In the meantime many members of the Assembly, especially those from the country, returned to their own homes and ordinary duties; and those who remained in London were chiefly engaged in the examination of such ministers as presented themselves for ordination, or induction into vacant charges. They continued to maintain their formal existence till the 22d of February 1649, about three weeks after the king’s decapitation, having sat five years, six months, and twenty-two days; in which time they had held one thousand one hundred and sixty-three sessions. They were then changed into a committee for conducting the trial and examination of ministers, and continued to hold meetings for this purpose every Thursday morning till the 25th of March 1652, when Oliver Cromwell having forcible dissolved the Long Parliament, by whose authority the Assembly had been at first called together, that committee also broke up, and separated without any formal dissolution, and as a matter of necessity.
Words to Live By:
Having served its purpose, the Westminster Assembly at last closed its sessions. All good things must eventually come to an end. Ministries wax and wane. Lives come to an end. It is part of the human condition, given our fallen, sinful nature. It is part of the curse of sin. But it will not be so in heaven, when we are changed from corruptible to incorruptible. Then not just our existence, but our very reason for existence and our purpose in life will be eternal, for we will, without sin, perfectly worship and serve the one eternal Lord God.
But as it is written: “Eye has not seen, nor ear heard, nor have entered into the heart of man the things which God has prepared for those who love Him.” (1 Corinthians 2:9, NKJV)
From the Minutes and Papers of the Westminster Assembly, 1643-1652, Vol. 4, pp. 799-800, the recorded content of that last numbered session of the Westminster Assembly:—
Sess. 1163. Feb. 22, 1649. Thursday morning.
Mr Johnson to pray.
Mr Craddock be approved.
R.: Mr Savory respited till this day forthnight.

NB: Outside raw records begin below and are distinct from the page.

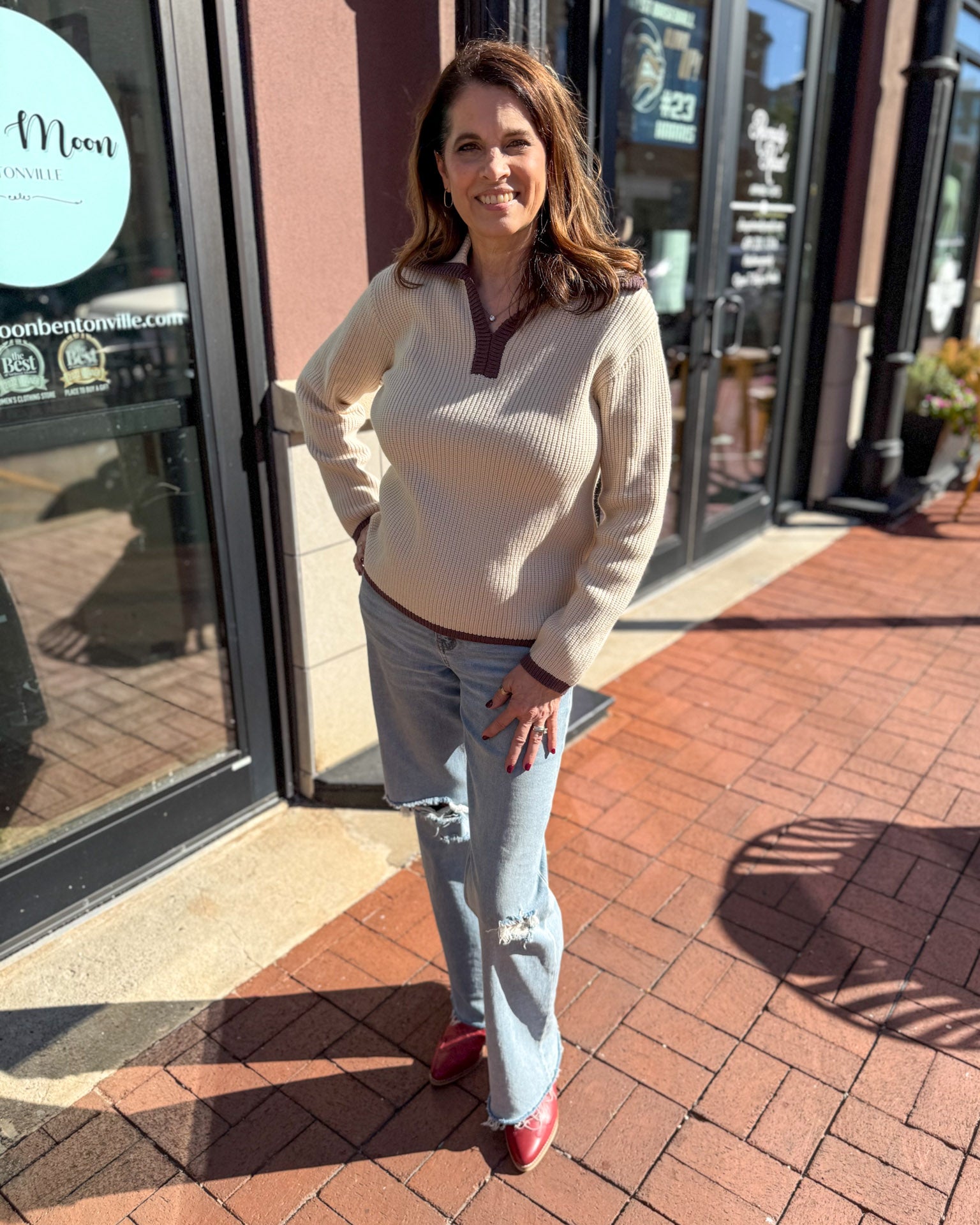 Taupe Contrasting Collar Sweater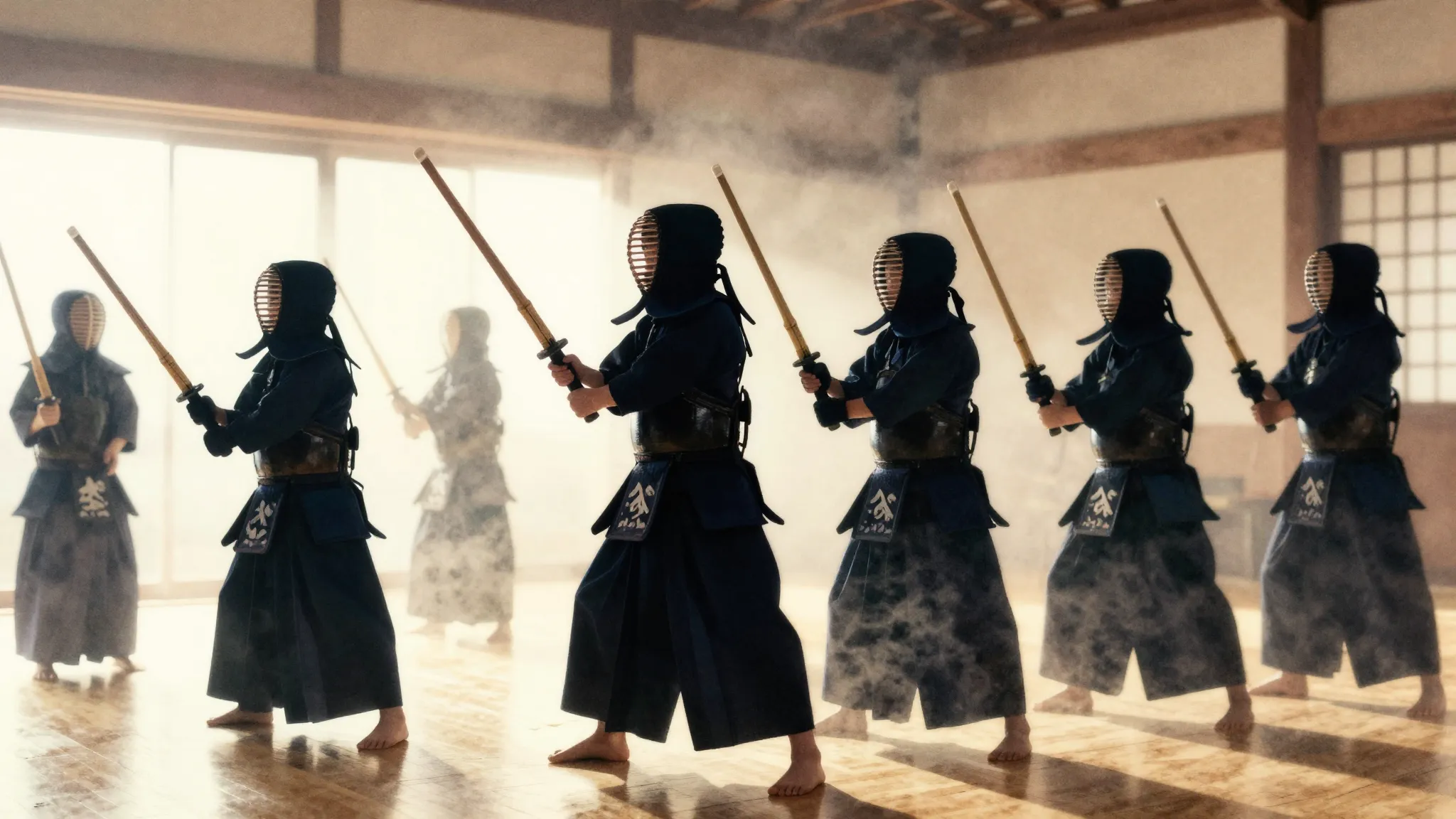 Watercolor style. Silhouettes of children practicing kendo w...
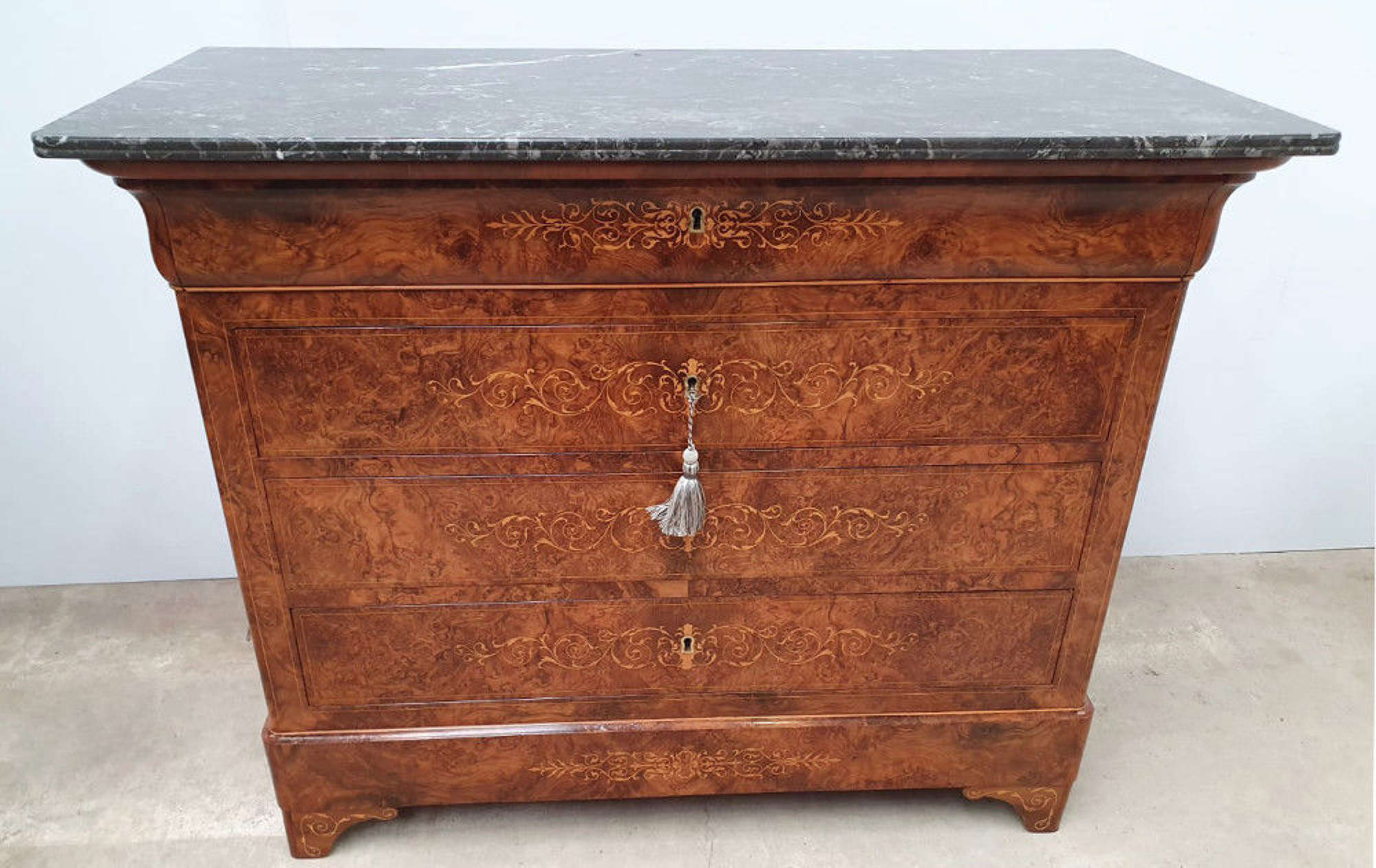 Marble Top Inlaid Walnut Antique Chest Of Drawers
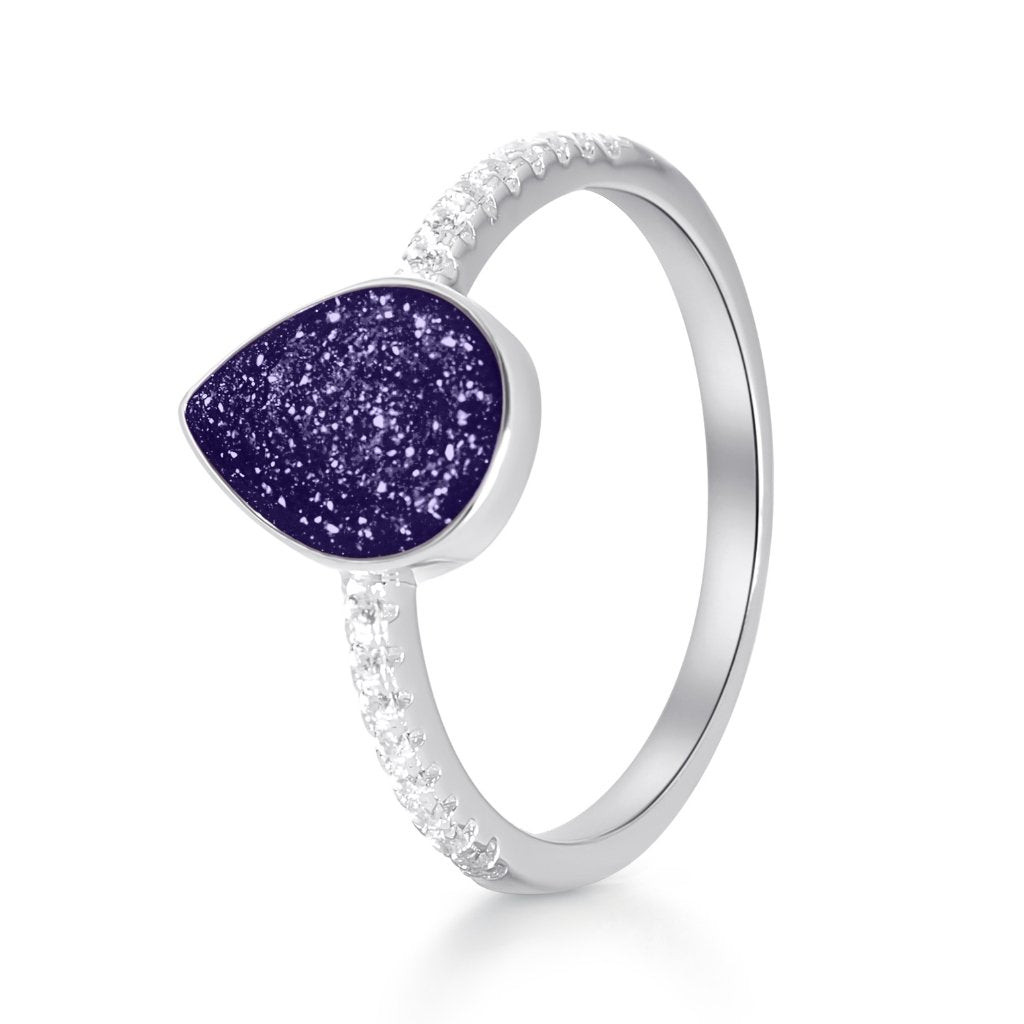 Crystal Set Teardrop Ashes Ring - MemoriesMade
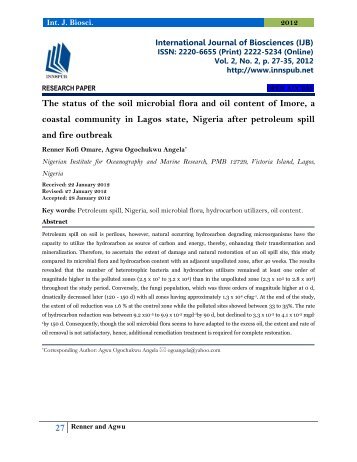 The status of the soil microbial flora and oil content of Imore, a coastal community in Lagos state, Nigeria after petroleum spill and fire outbreak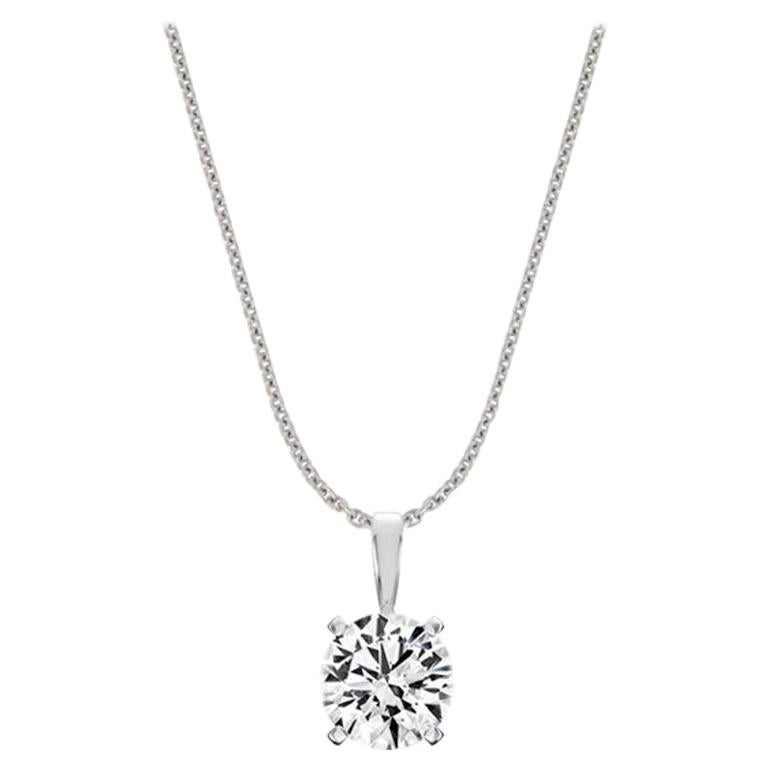 Platinum Gold Four Prongs Natural Diamond Pendant '3/4 Carat' For Sale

Ord[ered]: Mr Dawson be approved upon his ordination.
Ord[ered]: Mr be approved upon his former
Ord[ered]: Mr Ackworth be examined.
Ord[ered]: Mr Mason be approved.
R.: The hundred pounds now to be distributed shall be distributed according to the rule observed in the last distribution.
It was done accordingly, and approved off.
“From this point forward, there are no more numbered sessions, and many different hands appear, rather than noting hands other than those of the assembly scribes, the presence of the scribal hands is noted, This session is another hand.”
The Minutes and Papers of the Westminster Assembly, 1643-1652, Chad Van Dixhoorn, editor. Oxford University Press, 2012. Volume IV, pp. 799-800.